Supplied material section start

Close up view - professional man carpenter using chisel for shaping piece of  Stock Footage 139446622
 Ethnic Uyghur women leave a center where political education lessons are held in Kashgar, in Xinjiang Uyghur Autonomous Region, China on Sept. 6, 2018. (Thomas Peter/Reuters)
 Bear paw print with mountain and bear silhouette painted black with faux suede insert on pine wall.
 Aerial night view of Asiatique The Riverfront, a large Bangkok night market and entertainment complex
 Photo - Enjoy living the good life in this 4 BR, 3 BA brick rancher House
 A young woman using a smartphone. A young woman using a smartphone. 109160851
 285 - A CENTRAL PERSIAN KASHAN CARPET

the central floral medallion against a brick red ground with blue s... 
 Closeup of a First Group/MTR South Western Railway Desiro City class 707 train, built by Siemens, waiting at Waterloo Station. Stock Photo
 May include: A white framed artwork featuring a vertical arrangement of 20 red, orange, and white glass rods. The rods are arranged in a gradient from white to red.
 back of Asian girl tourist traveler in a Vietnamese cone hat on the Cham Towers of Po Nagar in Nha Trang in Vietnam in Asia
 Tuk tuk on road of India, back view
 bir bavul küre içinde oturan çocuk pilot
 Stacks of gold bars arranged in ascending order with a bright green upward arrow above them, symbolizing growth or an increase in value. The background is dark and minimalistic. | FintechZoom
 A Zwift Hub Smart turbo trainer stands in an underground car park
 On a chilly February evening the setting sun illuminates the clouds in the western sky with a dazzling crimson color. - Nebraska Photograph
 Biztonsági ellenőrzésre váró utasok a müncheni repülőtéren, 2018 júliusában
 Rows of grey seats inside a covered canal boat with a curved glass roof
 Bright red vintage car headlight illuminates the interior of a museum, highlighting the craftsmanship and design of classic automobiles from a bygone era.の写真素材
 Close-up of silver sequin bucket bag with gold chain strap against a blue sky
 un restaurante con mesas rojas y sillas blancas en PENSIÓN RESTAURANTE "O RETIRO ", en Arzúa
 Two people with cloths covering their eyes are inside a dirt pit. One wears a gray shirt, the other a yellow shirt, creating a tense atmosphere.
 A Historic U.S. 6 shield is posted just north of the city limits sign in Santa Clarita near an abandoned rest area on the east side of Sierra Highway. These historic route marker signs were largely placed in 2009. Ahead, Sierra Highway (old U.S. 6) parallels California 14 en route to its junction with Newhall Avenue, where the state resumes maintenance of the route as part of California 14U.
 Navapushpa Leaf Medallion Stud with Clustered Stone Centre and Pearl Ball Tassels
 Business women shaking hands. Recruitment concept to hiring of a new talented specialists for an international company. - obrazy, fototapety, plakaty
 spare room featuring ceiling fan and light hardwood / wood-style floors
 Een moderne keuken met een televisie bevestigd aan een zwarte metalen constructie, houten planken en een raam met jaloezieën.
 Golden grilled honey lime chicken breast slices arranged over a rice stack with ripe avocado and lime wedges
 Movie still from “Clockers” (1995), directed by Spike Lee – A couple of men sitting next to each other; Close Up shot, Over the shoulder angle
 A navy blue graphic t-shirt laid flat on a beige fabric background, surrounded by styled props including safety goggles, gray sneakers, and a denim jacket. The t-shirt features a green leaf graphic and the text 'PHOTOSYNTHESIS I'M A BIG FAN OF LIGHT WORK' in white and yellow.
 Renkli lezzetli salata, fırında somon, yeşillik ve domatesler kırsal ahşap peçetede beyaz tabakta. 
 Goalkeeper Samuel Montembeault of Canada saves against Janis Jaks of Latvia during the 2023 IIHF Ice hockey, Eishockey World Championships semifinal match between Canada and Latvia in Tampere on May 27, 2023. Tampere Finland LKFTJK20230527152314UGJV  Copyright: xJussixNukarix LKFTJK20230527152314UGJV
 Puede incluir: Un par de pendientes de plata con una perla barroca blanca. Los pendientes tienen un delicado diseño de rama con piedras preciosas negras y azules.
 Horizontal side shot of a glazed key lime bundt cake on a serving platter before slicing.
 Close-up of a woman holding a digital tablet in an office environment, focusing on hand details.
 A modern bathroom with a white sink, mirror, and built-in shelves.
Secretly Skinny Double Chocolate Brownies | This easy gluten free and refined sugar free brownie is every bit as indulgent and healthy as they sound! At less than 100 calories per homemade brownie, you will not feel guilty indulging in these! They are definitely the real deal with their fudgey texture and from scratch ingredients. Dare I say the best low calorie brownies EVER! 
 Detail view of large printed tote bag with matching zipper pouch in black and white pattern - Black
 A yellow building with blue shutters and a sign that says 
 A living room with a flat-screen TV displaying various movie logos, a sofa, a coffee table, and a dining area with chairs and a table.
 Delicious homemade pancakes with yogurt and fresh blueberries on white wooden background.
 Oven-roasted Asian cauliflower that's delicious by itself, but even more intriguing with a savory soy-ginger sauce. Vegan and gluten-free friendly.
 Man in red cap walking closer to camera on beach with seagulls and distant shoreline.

Supplied material section end

Take the line above containing "A modern bathroom", the line containing "Delicious homemade pancakes", and all lines in between, and copy them exactly without anything else.

→ Finished exercise:
 A modern bathroom with a white sink, mirror, and built-in shelves.
Secretly Skinny Double Chocolate Brownies | This easy gluten free and refined sugar free brownie is every bit as indulgent and healthy as they sound! At less than 100 calories per homemade brownie, you will not feel guilty indulging in these! They are definitely the real deal with their fudgey texture and from scratch ingredients. Dare I say the best low calorie brownies EVER! 
 Detail view of large printed tote bag with matching zipper pouch in black and white pattern - Black
 A yellow building with blue shutters and a sign that says 
 A living room with a flat-screen TV displaying various movie logos, a sofa, a coffee table, and a dining area with chairs and a table.
 Delicious homemade pancakes with yogurt and fresh blueberries on white wooden background.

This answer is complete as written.